Regional contrasts are great, with few unifying institutions. However, the Catholic church provides one unifying element and all of the continent speaks Spanish, except Brazil where Portuguese is spoken, and little Guyana where English is spoken.
Urbanization is increasing rapidly. In 1925, about one in three South Americans lived in cities and towns. In 1980, the figure was two in three. One result has been high unemployment and the growth of barrios around the cities. Barrios are shack towns marked by poverty, illiteracy and health problems.

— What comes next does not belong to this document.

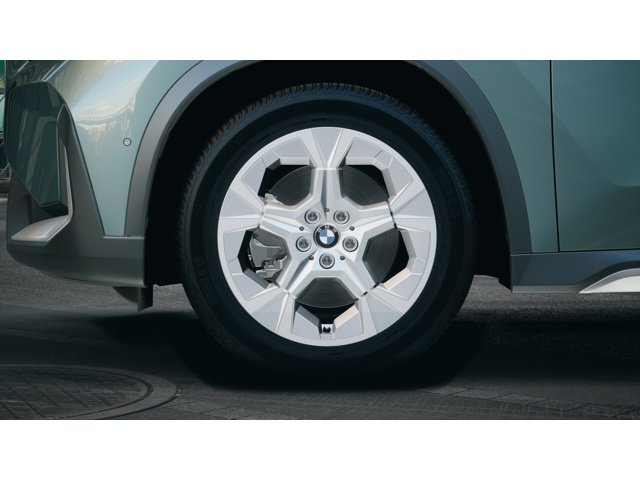 New 2027 Cape York Green Metallic BMW  image 7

Development in South America has been slow because of the distances and natural barriers that separate countries and make some almost inaccessible. In this vast land are many illiterate, poverty-stricken Indians and people of mixed blood who have a separate culture. One observer described the country as beggers sitting on golden footstools. The land has great untapped mineral wealth. Venezuela is rich in oil, Colombia has emeralds and diamonds, Ecuador is the greatest producer of bananas, Peru has vast fishery resources offshore, Chile has copper, Argentina is a producer of wheat and cattle, and Brazil is the world’s largest coffee producer and second largest producer of soybeans.
Each South American country has its own character shaped by the land, its history and its people. Dictatorship is the rule. The strong man with charisma sits in the driver’s seat, backed or soon to be ousted by the military. In Paraguay the dictator always carries his hat in his hand. Under his hat, he carries a gun. Few governments last very long.